Work instructions:
When you reach the line containing "Kẹo socola mèo" in the records below, set it down exactly, together with every later line through the end, but not the pictures.

+ + + + + + +

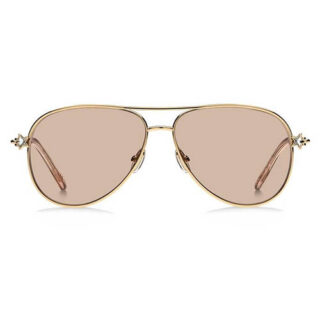 Jimmy Choo SANSA/S DDBK1 damskie aviatory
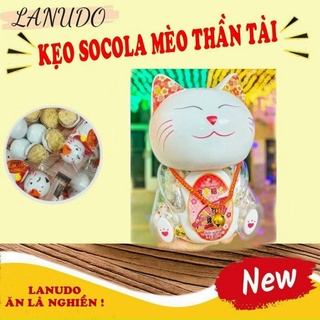 Kẹo socola mèo thần tài 135g,,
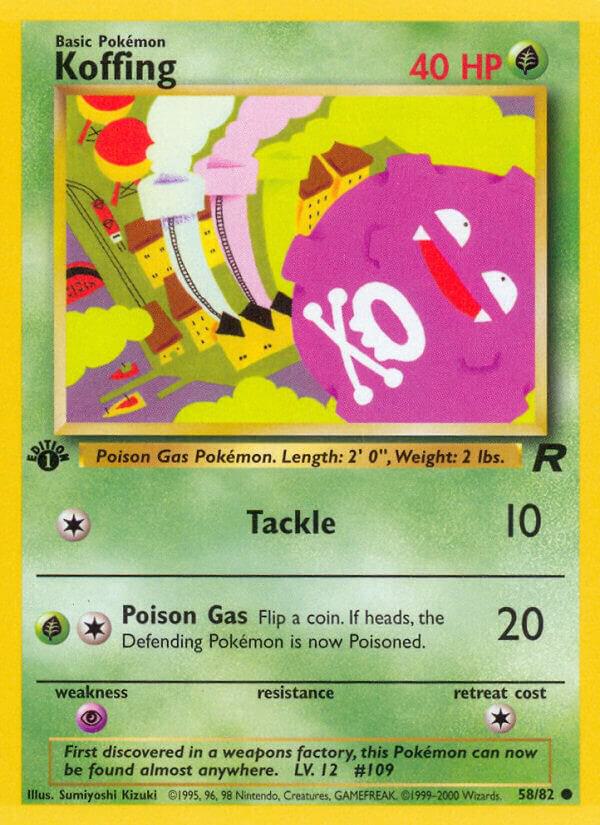 Koffing (Team Rocket)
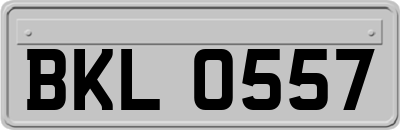 BKL0557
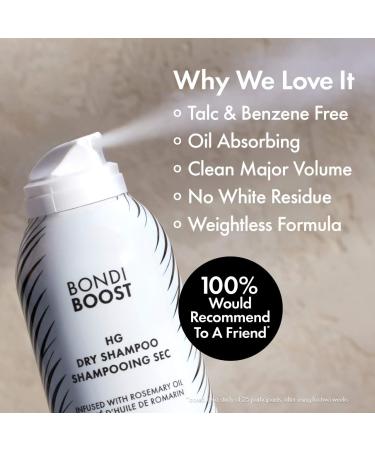Shop BondiBoost HG Volumizing Dry Shampoo with Rosemary - 3.95 oz Online - Best Price & International Shipping - Buy Online on GoSupps.com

+ + + + + + +

The answer:
 Kẹo socola mèo thần tài 135g,,
 Koffing (Team Rocket)
 BKL0557
Shop BondiBoost HG Volumizing Dry Shampoo with Rosemary - 3.95 oz Online - Best Price & International Shipping - Buy Online on GoSupps.com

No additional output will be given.